MATERIAL TO PROCESS Start Marker

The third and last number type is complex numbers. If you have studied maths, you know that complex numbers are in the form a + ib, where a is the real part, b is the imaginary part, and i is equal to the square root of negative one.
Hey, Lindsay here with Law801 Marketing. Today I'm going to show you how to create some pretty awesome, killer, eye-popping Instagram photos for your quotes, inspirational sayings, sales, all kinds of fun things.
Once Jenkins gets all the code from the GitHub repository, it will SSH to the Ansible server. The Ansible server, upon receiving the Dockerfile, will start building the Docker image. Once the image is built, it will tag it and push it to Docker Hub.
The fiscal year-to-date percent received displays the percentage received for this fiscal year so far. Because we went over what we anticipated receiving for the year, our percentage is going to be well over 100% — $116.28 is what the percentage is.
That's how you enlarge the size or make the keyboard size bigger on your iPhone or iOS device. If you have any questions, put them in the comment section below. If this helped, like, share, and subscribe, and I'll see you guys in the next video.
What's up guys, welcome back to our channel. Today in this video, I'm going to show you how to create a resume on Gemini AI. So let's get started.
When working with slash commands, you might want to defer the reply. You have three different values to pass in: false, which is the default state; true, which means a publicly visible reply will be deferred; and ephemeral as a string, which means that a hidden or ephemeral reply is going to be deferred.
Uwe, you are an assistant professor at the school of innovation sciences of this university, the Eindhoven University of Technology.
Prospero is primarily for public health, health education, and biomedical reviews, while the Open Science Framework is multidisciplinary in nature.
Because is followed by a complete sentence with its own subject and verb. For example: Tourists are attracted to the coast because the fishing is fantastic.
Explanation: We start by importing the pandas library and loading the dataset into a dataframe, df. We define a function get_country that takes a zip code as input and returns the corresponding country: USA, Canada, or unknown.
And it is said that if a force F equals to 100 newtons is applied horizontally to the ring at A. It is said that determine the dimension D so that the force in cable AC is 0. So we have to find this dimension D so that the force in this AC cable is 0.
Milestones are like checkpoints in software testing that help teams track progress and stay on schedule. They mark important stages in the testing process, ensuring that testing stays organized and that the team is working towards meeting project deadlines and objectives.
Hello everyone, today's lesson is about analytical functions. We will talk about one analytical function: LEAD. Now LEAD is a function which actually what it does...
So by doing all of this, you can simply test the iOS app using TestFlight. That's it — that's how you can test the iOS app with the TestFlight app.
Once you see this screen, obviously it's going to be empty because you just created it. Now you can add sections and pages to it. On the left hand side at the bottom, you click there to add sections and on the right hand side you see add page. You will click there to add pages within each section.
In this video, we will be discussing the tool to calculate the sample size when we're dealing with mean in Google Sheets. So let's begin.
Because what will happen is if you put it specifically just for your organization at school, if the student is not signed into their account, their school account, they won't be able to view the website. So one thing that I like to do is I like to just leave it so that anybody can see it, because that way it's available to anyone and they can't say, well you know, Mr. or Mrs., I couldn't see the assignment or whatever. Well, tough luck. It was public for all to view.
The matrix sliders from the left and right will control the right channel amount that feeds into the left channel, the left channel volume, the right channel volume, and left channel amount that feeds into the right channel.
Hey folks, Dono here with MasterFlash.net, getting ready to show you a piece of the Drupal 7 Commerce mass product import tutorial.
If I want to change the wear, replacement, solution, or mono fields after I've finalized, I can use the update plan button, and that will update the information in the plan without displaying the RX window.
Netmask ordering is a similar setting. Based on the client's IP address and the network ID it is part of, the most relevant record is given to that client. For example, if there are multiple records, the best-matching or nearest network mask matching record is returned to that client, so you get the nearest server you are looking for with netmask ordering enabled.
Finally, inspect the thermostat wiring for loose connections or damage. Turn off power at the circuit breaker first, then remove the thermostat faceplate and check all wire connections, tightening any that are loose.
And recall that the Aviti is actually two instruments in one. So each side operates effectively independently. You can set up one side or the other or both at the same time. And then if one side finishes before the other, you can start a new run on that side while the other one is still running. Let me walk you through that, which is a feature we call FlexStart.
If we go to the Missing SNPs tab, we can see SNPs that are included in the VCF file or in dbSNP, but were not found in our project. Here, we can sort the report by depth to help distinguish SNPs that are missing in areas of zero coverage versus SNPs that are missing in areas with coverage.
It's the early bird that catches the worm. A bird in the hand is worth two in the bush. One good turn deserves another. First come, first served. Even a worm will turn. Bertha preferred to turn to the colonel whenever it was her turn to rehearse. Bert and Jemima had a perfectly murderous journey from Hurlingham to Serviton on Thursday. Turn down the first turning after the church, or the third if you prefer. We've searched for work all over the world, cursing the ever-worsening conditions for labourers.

MATERIAL TO PROCESS End Marker

» **REQUIRED WORK**
Please determine how many lines in the entries contain the word "while" and answer with the number alone.

» **WRITTEN SOLUTION**
2